» **Excerpts from a dataset**:
- Opening Delimiter -

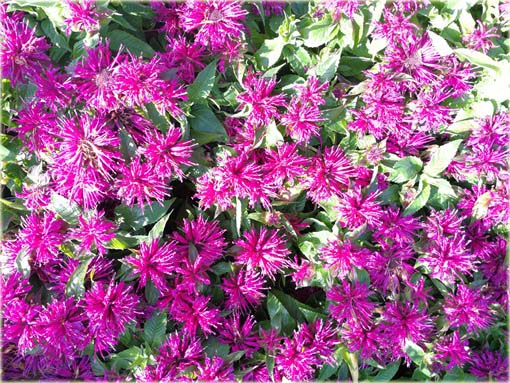 Pysznogłówka Balmy Purple Monarda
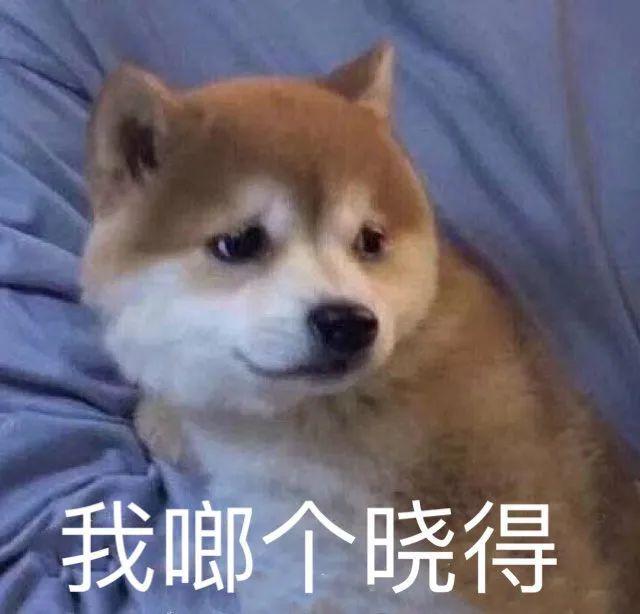 E句话 | 四字的事业运真的慕了…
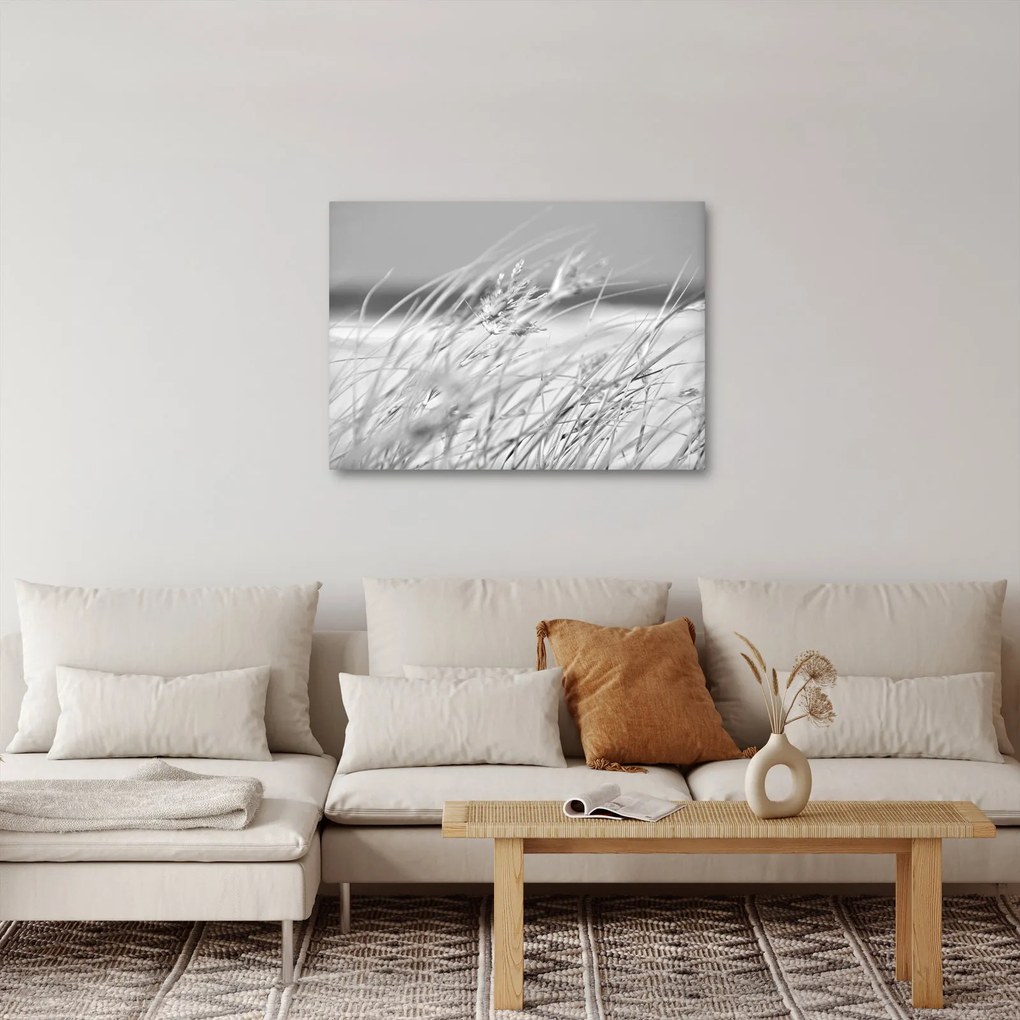 Kép - Strandfű (70x50 cm)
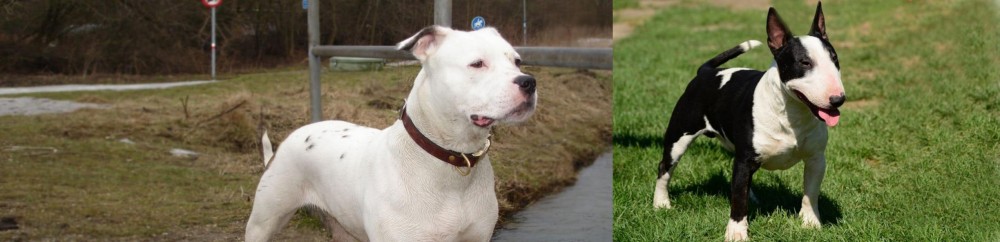 Bull Terrier Miniature vs Antebellum Bulldog - Breed Comparison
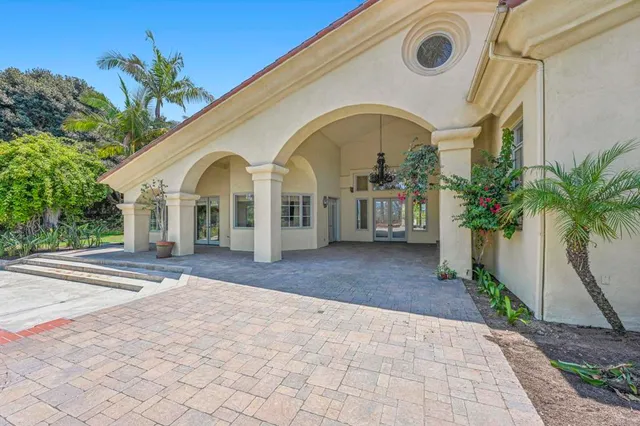 a view of a garden with plants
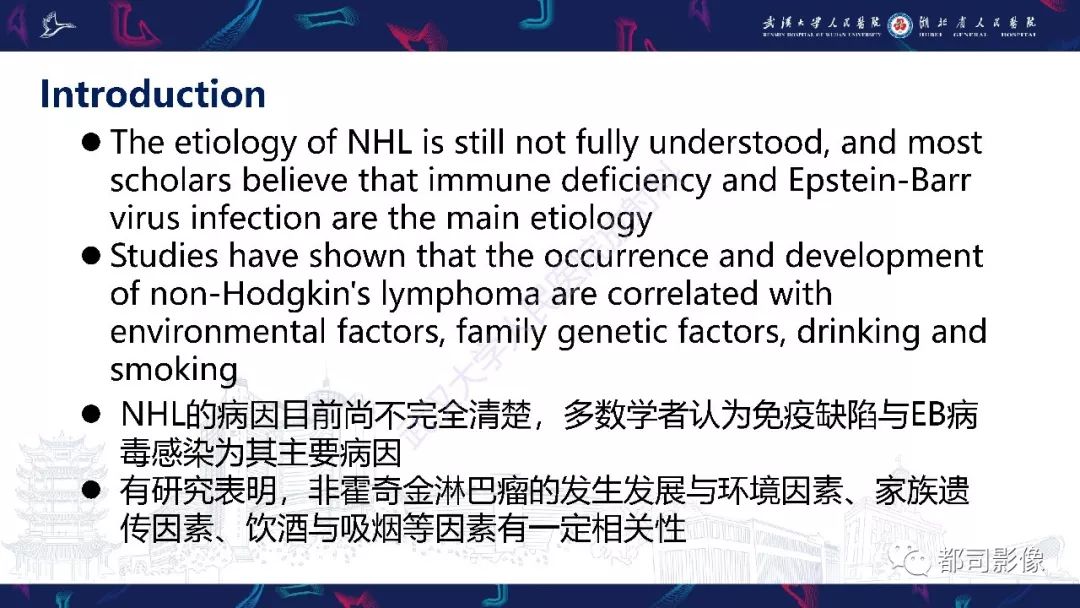 【PPT】上颌窦非霍奇金淋巴瘤影像诊断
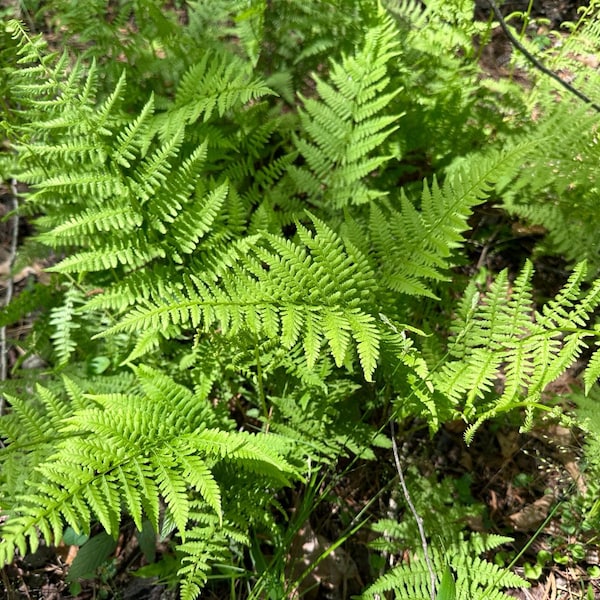 3 Lady Fern (Athyrium Filix-femina) Plants - Freshly Dug with Root Ball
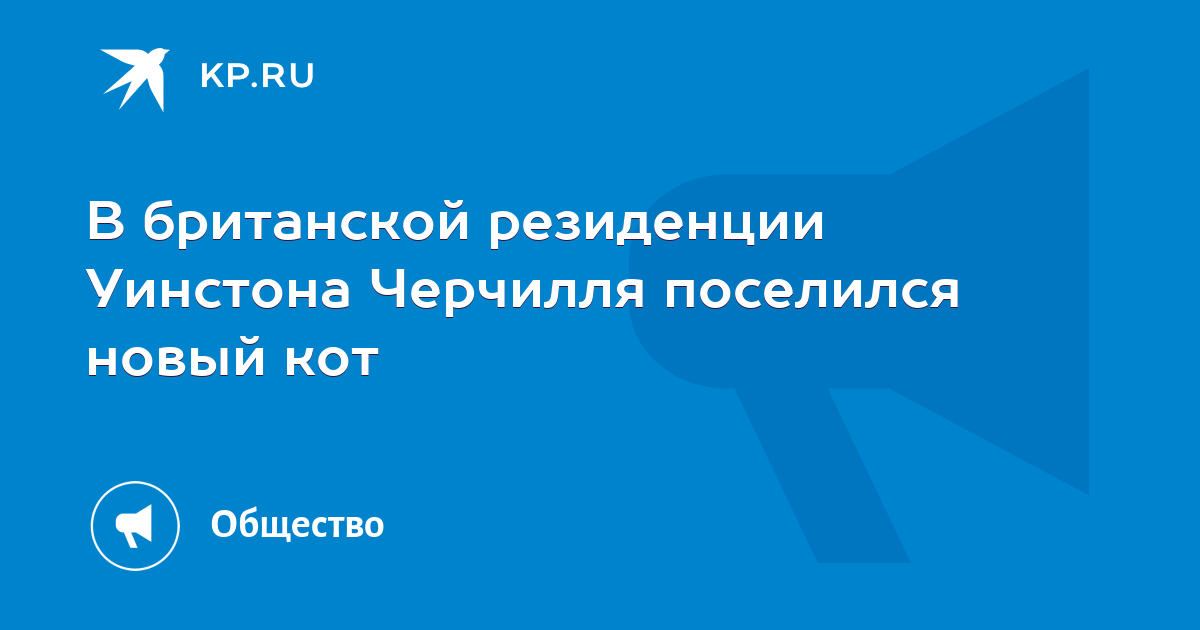 В британской резиденции Уинстона Черчилля поселился новый кот - KP.RU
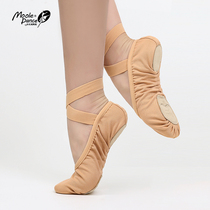 Small Jasmine Force Cloth Dance Shoes Women Soft Bottom Practice Shoes Summer Adults Yoga Shoes Cat Paw Shoes Ballet Body Shoes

- Closing Delimiter -

The line containing "Bull Terrier Miniature" and every line after it, through the end of the records, are what you should retype exactly. Do not include the pictures.

» **Task solution**:
 Bull Terrier Miniature vs Antebellum Bulldog - Breed Comparison
 a view of a garden with plants
 【PPT】上颌窦非霍奇金淋巴瘤影像诊断
 3 Lady Fern (Athyrium Filix-femina) Plants - Freshly Dug with Root Ball
 В британской резиденции Уинстона Черчилля поселился новый кот - KP.RU
 Small Jasmine Force Cloth Dance Shoes Women Soft Bottom Practice Shoes Summer Adults Yoga Shoes Cat Paw Shoes Ballet Body Shoes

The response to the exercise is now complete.